= Steven Robiner =

American visual effects supervisor

Steven Robiner is an American visual effects supervisor.

==Biography==
Robiner earned an MFA from the University of Southern California. He then supervised and co-produced the first ever digital visual effects motion picture created featuring the Marvel comic book super-hero Silver Surfer during his post graduate tenure at USC. After high acclaim and awards for that short, Robiner was quickly scooped up by the Hollywood feature film world where he quickly rose to prominence as a supervisor in the new digital medium of High Definition. He was an above-the-line credited visual effects supervisor for the first-ever all digital motion picture Rainbow in 1996 starring Dan Aykroyd and Bob Hoskins, followed by The Long Kiss Goodnight starring Geena Davis, and several other feature films, including one starring Scarlett Johansson in her first adult role.

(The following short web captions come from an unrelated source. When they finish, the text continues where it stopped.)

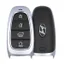 Genuine Hyundai Tucson 2022 Smart Proximity Remote Key P/N: 95440-N9030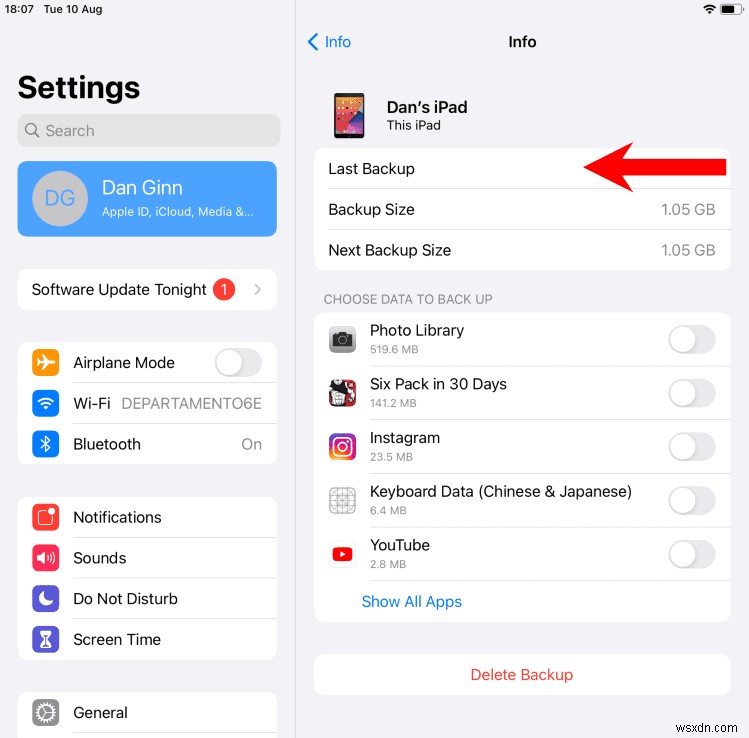 Restore Your iPad from iCloud or iTunes Backup – Step‑by‑Step Guide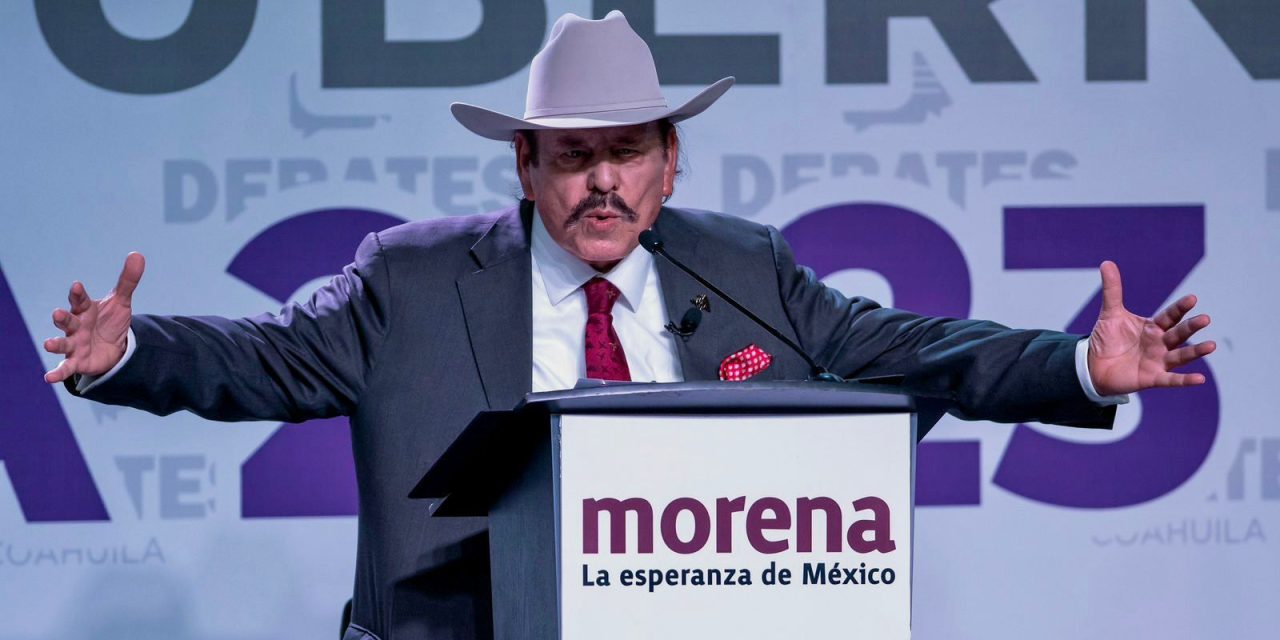 Estamos listos para ganar: Armando Guadiana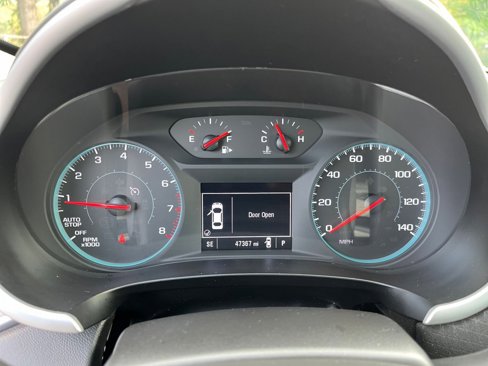 Used 2023 Chevrolet Malibu LT w/ Driver Confidence Package image 40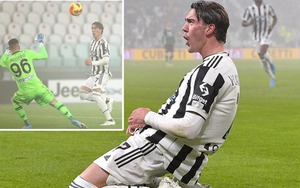 Juventus 2-0 Verona: Tân binh Vlahovic 'mở tài khoản', Juventus vào Top 4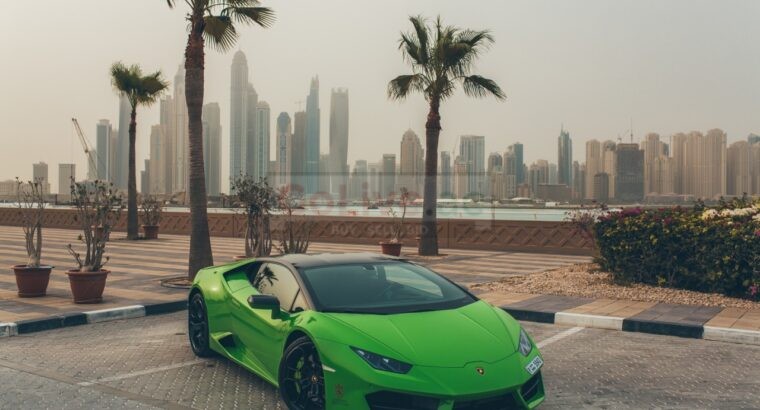 Car Rental in Dubai- UAE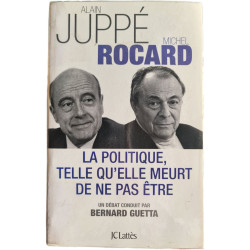 La politique telle qu'elle meurt de ne pas être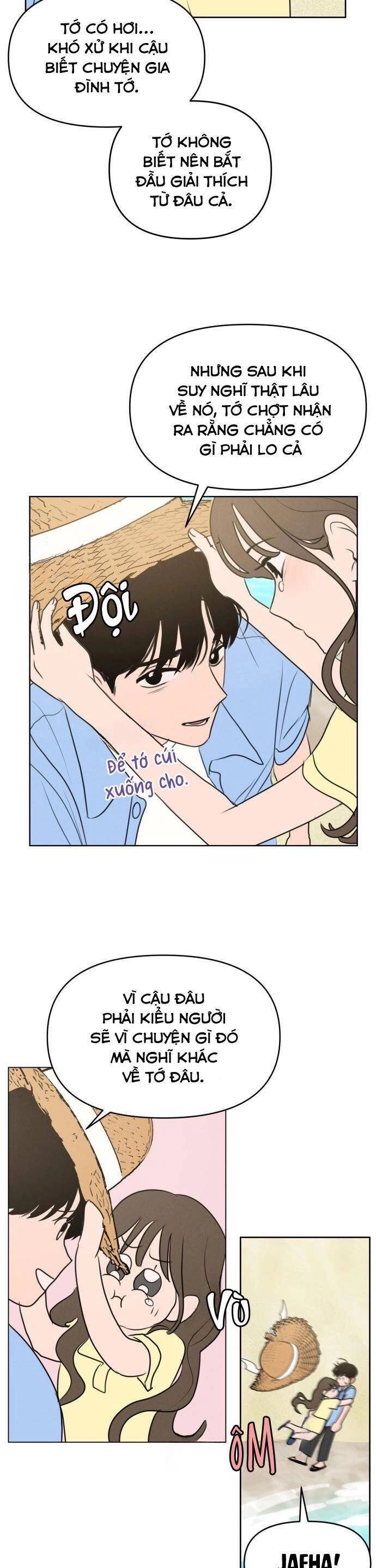 Thỏa Thuận Bí Mật Giữa Chúng Ta Chapter 65 - 12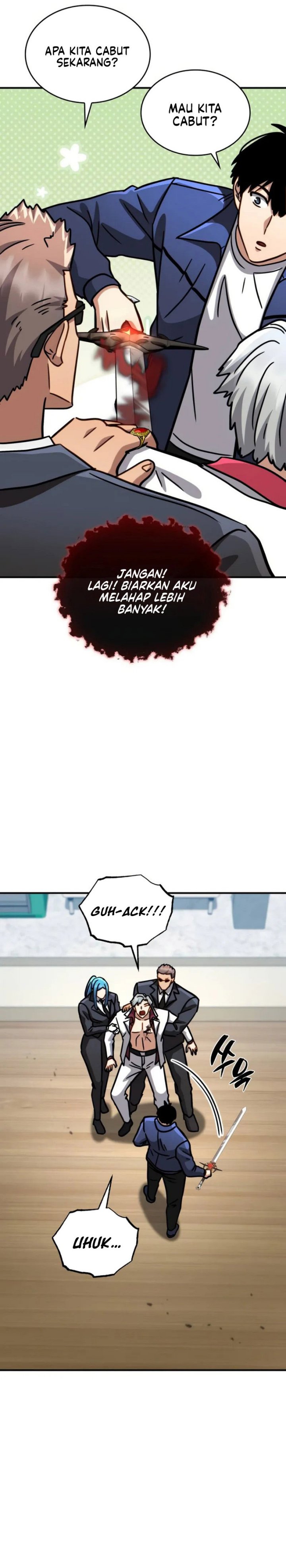 The Corruption-Immune Swordsman’s Calamity Sword - Chapter 18 - Page 13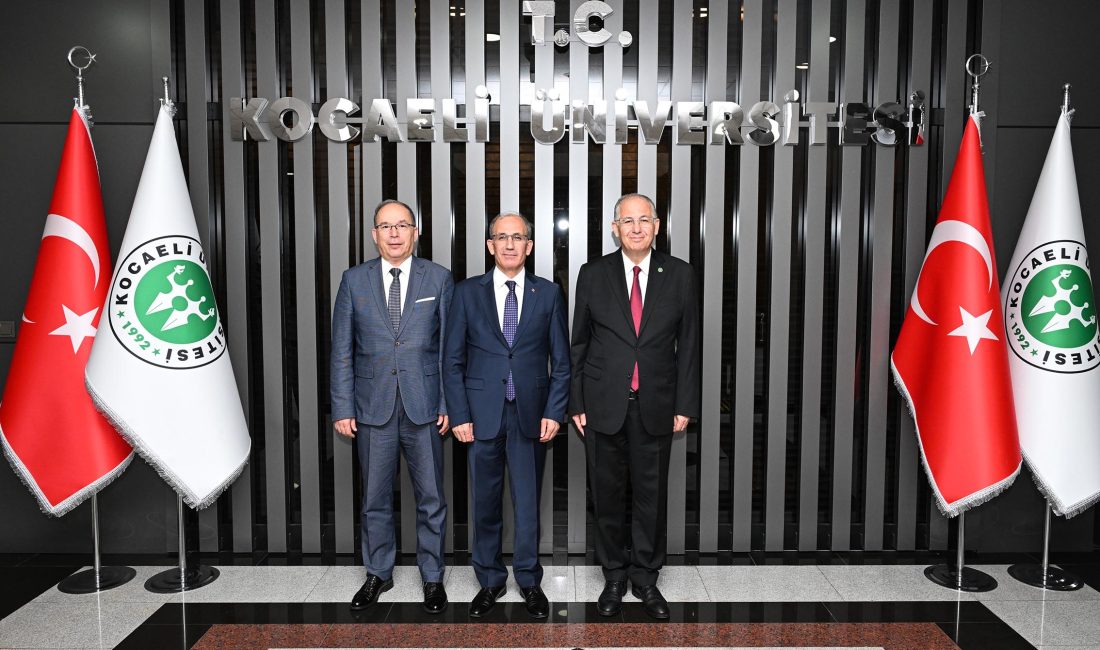 ​Hakimler ve Savcılar Kurulu (HSK) Adli ve İdari Yargı Ana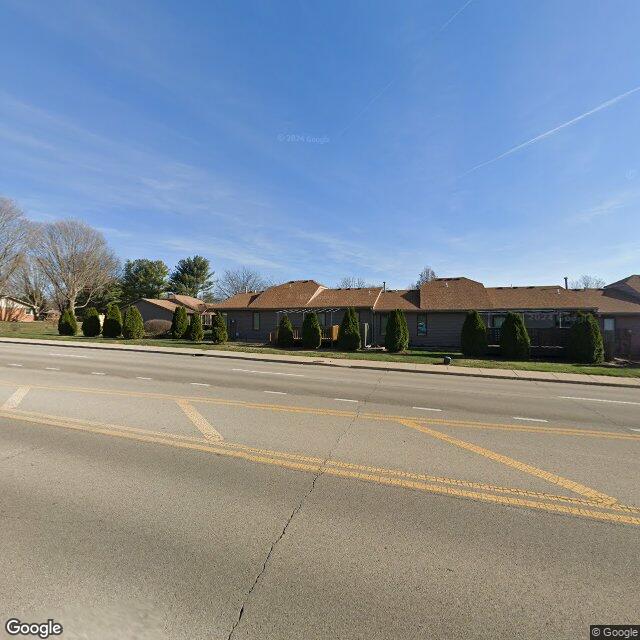 Photo of ANGLERS MANOR at 1017 S MERCER AVE BLOOMINGTON, IL 61701
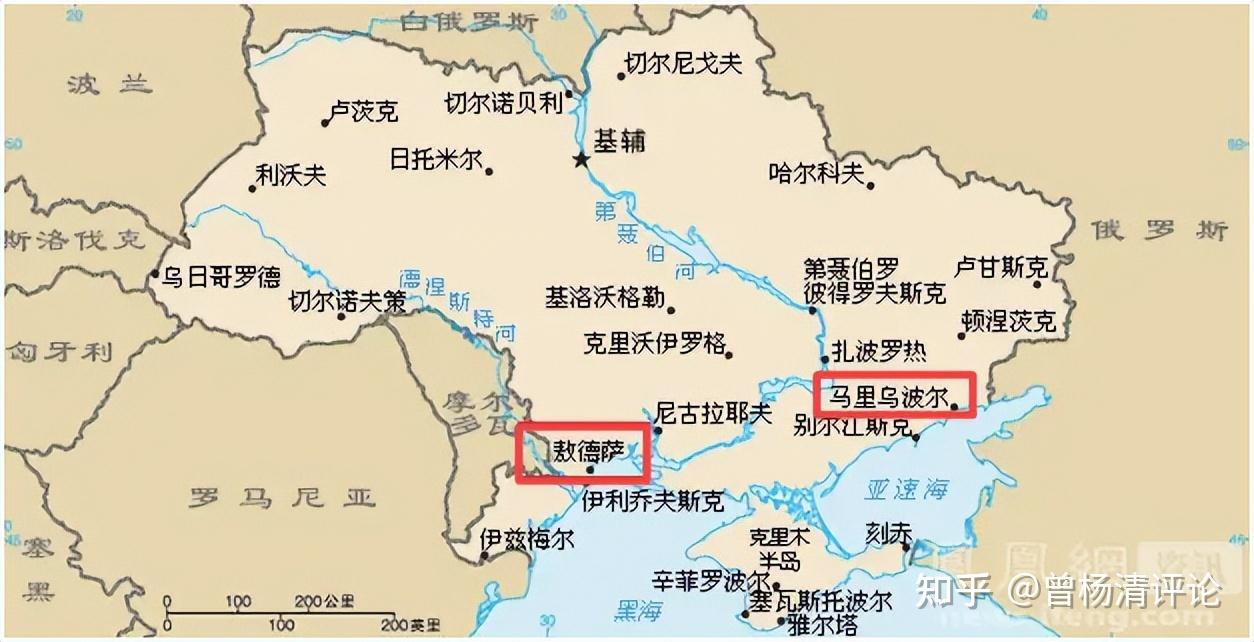 俄军宣布马里乌波尔大捷德沃尼科夫大将的精彩指挥尽显名将风采
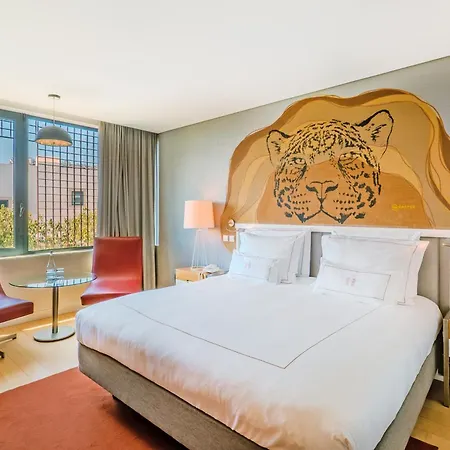 Pestana Cidadela - & Art District كاسكايس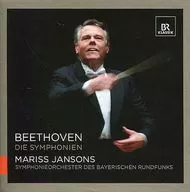 Mariss jansons (Conductor) Symphonieorchester des Bayerischen rundfunks / BEETHOVEN : DIE SYMPHONIEN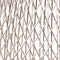 Papillon Mini Pendant Light  option Metallic Taupe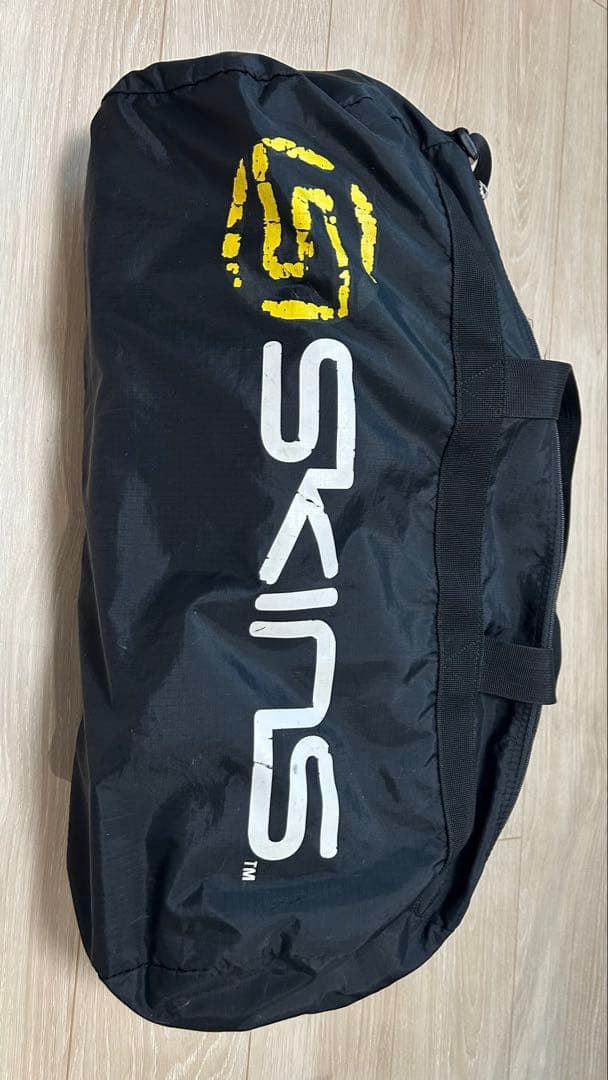 軟式一般用/キャッチャー防具　ネイビー/ホワイト/レッド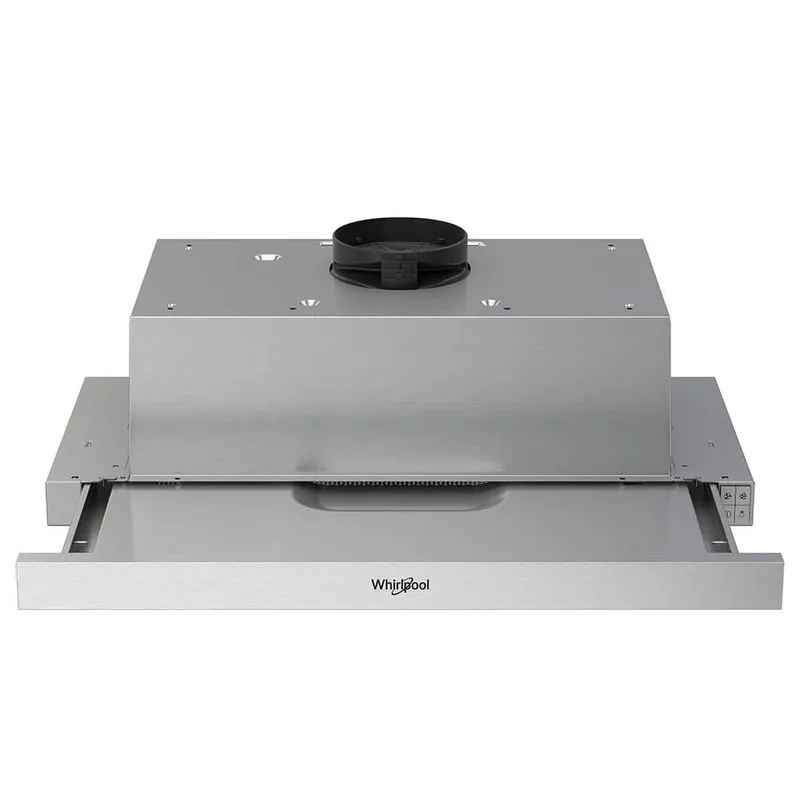 Campana Empotrable 60 cm, Acero Inoxidable - WHT6030S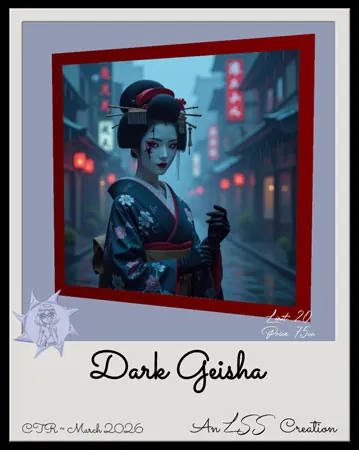 Dark Geisha(75)[0310] by LSS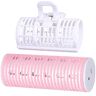 minkissy rollers krulspelden haar rollers haar krultang haarroller voor knal USB knalroller knal rol knal krultang haarroller knal krullen muis wieltje de luie haar Kruller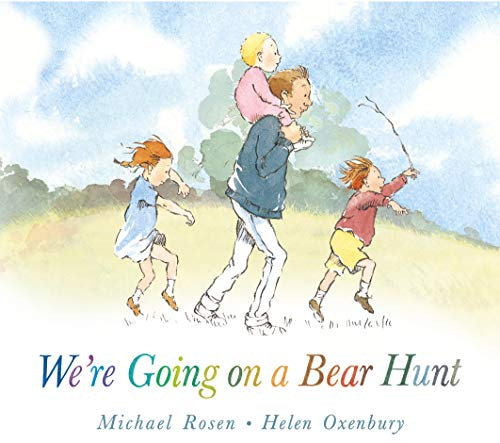 We're Going on a Bear Hunt: The bestselling classic in a super-sturdy board book for babies and toddlers (We're Going on a Bear Hunt, 6)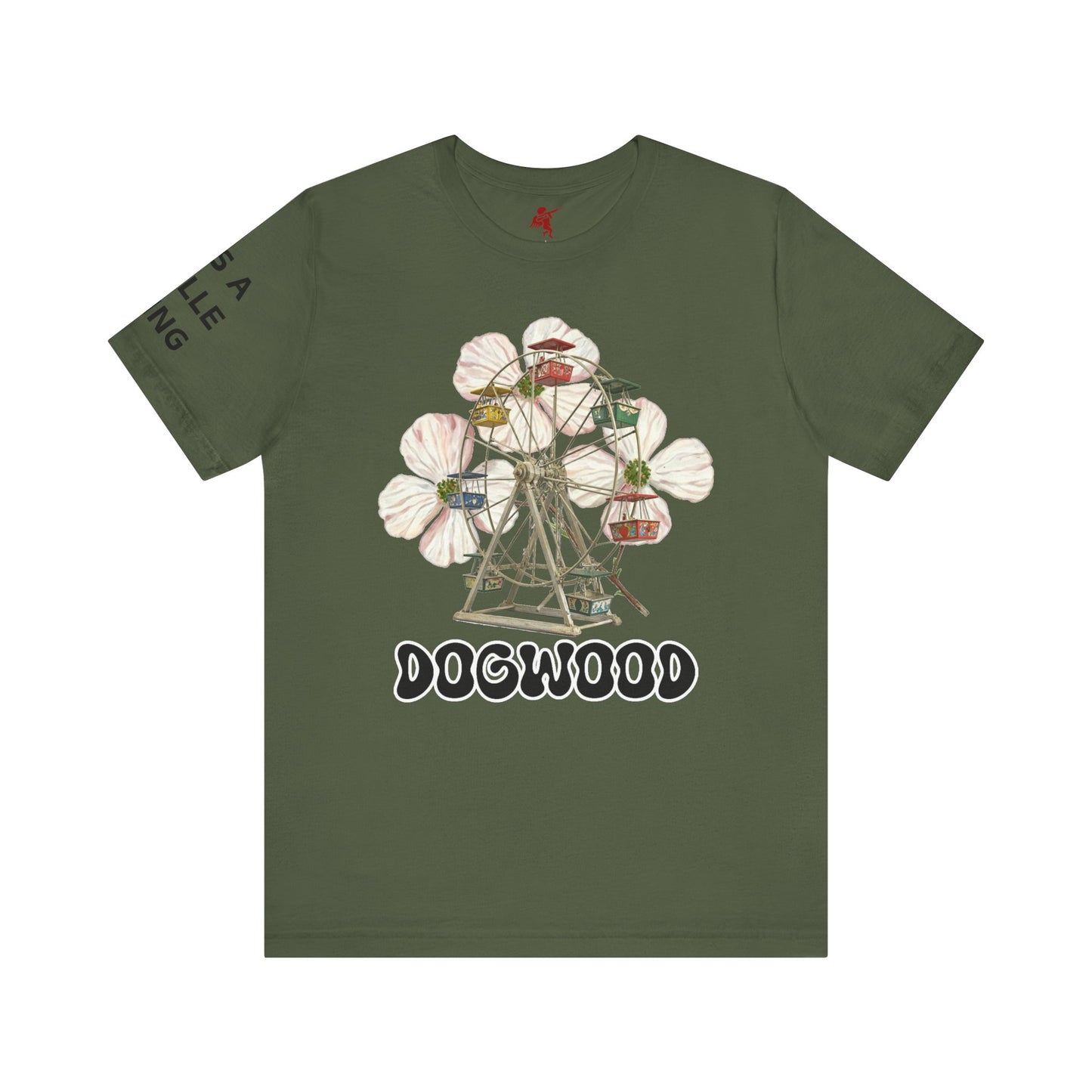 Dogwood - T Shirt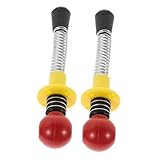 Kisangel Ball Shooter Für Flipperautomaten Aus Robustem Langlebigem Federstab Für Hohe Leistung Schnell Einsetzbar Und Benutzerfreundlich Kompatibel Mit Verschiedenen Spielmaschinen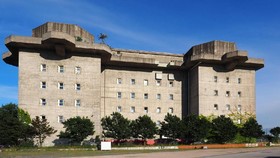 Hotel Mewah Bekas Bunker Nazi Dibuka pada 2021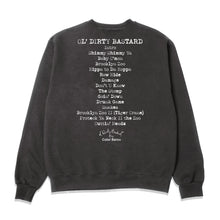 Load image into Gallery viewer, Color Bars x Ol' Dirty Bastard - Shaolin Crewneck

After serving for over five years as the Senior Visual Effects Supervisor at the Sony Pictures High Definition Center, Robiner moved on to producing and supervising independent projects, such as the multiple award-winning comedy Damned If You Do starring David Alan Grier.
After 17 years, and numerous awards in the film industry, Steven Robiner chose to focus on painting, photography, mixed-media artwork and other literary projects culminating in an online collective of award-winning pieces. By 2006, he had amassed a significant track record as an award-winning new artist, with multiple juried and invitational gallery shows to his credit.